Online activities of an individual, such as browsing webpages, making ecommerce purchases, and viewing short-form videos can provide insight into the interests and preferences of that individual. However, as most everyone also has a component of his/her life that is not performed online, online activities alone may not enable a comprehensive assessment of individual preferences. Disclosed embodiments also consider non-online activities, referred to as “offline” activities, along with the online activities, enabling a more complete assessment of individual preferences. In embodiments, a multi-dimensional user-specific vector is used as a representation of the combined online and offline activities and/or user actions.

The multi-dimensional vectors used with disclosed embodiments can include data on user behaviors and actions. The behaviors and actions can include video viewing history. The behaviors and actions can include activity at one or more brick-and-mortar establishments. Combining online and “offline” (brick and mortar) behaviors and activities can serve to create a more complete profile of a user, which can be used as guidance for dissemination of short-form video content to enhance product promotion, as well as other actions.
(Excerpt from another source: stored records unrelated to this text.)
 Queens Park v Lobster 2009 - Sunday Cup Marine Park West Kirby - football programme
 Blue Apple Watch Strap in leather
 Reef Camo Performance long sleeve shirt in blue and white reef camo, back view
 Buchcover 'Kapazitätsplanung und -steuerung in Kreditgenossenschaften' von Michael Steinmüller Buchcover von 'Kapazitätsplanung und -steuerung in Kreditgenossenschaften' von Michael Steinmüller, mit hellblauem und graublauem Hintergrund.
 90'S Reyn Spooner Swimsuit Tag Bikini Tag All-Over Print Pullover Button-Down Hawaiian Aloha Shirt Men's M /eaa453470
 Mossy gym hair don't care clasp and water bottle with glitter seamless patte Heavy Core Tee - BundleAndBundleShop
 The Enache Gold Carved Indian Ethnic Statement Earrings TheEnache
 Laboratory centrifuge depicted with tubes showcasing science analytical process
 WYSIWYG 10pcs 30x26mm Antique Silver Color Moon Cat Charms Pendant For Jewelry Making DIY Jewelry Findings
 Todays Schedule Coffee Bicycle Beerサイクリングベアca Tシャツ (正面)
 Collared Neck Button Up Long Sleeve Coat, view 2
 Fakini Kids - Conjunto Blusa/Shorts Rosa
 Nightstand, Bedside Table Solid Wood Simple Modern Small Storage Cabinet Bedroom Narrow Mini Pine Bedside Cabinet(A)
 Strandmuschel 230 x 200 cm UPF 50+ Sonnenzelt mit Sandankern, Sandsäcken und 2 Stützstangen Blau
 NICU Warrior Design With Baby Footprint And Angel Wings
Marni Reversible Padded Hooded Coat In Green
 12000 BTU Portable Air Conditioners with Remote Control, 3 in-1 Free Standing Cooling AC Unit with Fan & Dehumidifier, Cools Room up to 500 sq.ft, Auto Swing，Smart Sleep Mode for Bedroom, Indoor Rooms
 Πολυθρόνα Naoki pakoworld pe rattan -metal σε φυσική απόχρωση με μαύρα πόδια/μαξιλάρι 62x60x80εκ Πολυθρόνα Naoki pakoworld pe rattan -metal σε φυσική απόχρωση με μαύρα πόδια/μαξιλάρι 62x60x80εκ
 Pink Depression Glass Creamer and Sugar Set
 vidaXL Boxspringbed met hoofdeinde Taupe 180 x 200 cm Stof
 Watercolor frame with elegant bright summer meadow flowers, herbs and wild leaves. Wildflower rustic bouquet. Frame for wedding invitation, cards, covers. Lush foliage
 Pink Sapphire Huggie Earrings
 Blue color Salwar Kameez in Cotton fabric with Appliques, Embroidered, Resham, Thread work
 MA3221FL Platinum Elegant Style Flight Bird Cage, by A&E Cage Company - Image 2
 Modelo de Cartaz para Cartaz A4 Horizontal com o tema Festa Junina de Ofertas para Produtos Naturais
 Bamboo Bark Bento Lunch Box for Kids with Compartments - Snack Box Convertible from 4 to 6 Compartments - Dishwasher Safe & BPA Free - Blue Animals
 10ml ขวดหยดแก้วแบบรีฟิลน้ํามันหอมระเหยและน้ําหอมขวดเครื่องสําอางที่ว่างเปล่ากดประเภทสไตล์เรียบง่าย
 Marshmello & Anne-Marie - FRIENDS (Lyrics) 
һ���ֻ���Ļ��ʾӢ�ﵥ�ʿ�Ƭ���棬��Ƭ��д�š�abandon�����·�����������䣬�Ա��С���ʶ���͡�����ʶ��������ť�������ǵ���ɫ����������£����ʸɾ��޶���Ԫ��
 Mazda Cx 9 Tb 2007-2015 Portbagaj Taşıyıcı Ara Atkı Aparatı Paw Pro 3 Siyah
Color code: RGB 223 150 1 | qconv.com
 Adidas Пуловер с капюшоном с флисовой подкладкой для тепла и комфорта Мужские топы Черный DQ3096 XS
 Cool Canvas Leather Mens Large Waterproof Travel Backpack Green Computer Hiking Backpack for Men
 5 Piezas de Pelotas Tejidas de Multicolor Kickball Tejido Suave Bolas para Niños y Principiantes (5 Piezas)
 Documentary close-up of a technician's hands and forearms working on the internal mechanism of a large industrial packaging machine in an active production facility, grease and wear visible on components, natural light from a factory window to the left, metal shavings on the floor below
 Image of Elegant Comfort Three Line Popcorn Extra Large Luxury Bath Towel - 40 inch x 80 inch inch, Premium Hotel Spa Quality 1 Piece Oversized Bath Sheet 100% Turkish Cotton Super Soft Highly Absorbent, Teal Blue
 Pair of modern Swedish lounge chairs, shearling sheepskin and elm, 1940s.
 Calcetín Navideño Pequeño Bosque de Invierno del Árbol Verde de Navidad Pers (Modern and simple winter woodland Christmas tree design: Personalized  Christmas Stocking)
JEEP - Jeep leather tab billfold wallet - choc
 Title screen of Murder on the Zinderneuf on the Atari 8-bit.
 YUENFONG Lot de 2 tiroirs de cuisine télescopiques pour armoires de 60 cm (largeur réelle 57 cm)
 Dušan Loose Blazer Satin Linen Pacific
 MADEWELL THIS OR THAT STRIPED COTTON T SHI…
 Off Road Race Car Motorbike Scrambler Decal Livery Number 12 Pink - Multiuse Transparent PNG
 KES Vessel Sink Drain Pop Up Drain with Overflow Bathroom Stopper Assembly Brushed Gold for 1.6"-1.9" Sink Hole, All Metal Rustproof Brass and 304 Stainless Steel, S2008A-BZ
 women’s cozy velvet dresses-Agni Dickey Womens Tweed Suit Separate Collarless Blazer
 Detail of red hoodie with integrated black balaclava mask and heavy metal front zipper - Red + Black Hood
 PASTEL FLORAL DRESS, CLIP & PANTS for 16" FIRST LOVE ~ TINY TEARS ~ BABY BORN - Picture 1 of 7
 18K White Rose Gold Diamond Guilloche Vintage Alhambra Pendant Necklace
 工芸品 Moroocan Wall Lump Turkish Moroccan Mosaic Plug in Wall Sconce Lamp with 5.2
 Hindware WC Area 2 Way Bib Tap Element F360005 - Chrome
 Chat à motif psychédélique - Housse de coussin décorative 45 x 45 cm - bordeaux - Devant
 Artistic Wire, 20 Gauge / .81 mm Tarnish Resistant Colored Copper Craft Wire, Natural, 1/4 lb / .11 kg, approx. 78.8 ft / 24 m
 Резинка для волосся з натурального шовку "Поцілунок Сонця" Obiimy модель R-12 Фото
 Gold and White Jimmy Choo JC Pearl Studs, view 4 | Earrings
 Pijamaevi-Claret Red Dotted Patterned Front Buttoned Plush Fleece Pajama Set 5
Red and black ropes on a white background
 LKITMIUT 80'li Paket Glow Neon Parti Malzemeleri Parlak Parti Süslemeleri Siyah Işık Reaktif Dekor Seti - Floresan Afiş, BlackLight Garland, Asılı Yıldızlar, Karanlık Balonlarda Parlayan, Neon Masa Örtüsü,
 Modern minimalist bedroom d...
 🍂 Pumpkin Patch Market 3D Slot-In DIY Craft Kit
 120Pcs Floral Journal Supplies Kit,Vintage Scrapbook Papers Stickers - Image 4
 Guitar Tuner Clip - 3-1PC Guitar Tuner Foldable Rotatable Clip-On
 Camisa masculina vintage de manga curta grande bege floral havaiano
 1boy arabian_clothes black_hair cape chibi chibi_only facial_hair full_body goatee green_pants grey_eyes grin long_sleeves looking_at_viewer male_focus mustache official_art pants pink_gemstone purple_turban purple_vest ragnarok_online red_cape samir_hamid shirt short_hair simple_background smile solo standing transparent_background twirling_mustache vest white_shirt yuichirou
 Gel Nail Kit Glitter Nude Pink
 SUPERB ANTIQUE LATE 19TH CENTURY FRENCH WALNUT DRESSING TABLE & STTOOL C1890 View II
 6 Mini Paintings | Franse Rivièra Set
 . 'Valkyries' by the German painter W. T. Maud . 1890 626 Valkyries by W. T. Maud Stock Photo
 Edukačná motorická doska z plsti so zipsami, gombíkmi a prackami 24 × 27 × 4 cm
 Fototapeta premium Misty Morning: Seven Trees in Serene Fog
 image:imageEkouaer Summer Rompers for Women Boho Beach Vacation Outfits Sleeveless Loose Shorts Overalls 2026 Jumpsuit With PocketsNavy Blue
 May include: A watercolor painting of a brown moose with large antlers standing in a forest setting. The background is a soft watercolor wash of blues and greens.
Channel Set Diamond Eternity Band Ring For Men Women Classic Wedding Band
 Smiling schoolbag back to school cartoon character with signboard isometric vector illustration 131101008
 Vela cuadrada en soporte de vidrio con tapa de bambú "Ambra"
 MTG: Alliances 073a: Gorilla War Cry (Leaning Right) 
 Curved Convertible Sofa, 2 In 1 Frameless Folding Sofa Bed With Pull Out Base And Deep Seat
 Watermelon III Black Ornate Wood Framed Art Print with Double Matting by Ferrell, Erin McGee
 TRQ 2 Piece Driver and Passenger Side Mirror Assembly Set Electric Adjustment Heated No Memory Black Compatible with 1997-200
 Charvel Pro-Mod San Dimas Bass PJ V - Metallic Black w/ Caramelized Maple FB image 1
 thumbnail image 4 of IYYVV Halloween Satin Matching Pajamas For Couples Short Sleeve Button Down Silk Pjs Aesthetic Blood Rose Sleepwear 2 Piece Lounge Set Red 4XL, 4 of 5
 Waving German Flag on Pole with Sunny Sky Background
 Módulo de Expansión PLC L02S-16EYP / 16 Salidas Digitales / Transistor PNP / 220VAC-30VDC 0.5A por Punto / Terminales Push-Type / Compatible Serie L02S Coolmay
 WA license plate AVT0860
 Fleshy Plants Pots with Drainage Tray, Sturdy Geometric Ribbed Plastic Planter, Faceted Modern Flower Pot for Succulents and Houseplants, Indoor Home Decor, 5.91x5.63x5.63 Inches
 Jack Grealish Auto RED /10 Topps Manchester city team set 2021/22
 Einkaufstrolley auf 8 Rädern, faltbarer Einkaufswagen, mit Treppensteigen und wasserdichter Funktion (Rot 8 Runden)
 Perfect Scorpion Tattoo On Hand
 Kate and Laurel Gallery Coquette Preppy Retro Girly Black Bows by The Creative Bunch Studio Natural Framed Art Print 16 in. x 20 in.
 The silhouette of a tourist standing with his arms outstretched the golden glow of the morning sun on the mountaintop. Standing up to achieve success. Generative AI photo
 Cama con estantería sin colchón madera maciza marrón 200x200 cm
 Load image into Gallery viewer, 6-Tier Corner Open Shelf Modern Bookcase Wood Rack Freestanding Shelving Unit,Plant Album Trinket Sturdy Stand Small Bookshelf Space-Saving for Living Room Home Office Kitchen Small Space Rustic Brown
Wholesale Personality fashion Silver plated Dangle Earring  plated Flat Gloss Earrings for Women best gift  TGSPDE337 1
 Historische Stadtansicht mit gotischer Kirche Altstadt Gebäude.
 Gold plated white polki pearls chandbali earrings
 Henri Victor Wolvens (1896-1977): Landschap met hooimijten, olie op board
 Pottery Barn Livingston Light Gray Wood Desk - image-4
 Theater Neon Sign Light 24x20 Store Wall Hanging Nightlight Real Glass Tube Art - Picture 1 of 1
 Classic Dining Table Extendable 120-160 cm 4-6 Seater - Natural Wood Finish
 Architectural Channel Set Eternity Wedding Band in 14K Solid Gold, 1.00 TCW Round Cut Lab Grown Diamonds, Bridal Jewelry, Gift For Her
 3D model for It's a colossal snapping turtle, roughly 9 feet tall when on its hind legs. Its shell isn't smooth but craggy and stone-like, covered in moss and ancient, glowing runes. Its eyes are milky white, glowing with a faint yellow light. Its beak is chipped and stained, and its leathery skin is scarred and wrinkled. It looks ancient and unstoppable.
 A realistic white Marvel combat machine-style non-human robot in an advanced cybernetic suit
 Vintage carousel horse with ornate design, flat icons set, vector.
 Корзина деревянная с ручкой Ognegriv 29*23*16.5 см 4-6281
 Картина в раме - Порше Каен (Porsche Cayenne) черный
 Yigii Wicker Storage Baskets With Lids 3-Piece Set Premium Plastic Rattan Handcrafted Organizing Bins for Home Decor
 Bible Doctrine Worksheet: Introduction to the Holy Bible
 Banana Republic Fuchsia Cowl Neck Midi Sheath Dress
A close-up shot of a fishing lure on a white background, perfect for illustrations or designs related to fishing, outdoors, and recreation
The multi-dimensional vectors can include tuples of information. The information can include online actions, such as viewing history, posting history, browsing history, and the like. The information can include “offline” actions. Offline actions refer to actions performed outside of the Internet. The offline actions can include visiting a retail (brick and mortar) establishment, purchasing goods and/or services at a retail establishment, and the like.

The combining of online actions and offline actions into a multi-dimensional vector provides a comprehensive numerical representation of consumer behavior. The clustering techniques can include Centroid-based Clustering, Hierarchical Clustering, Distribution-based Clustering, Density-based Clustering, and/or other suitable clustering techniques. The multi-dimensional vectors from different users can be analyzed using clustering techniques. The clustering techniques can be used to identify users that are similar to each other. Once clusters are established, and a new multi-dimensional vector becomes available, a cluster analysis can be applied to determine which cluster most closely matches the attributes of the multi-dimensional vector. Short-form videos can be associated with different clusters, such that upon analyzing the multi-dimensional vector associated with a user, short-form videos associated with clusters that match or correlate to the multi-dimensional vector can be disseminated to that user.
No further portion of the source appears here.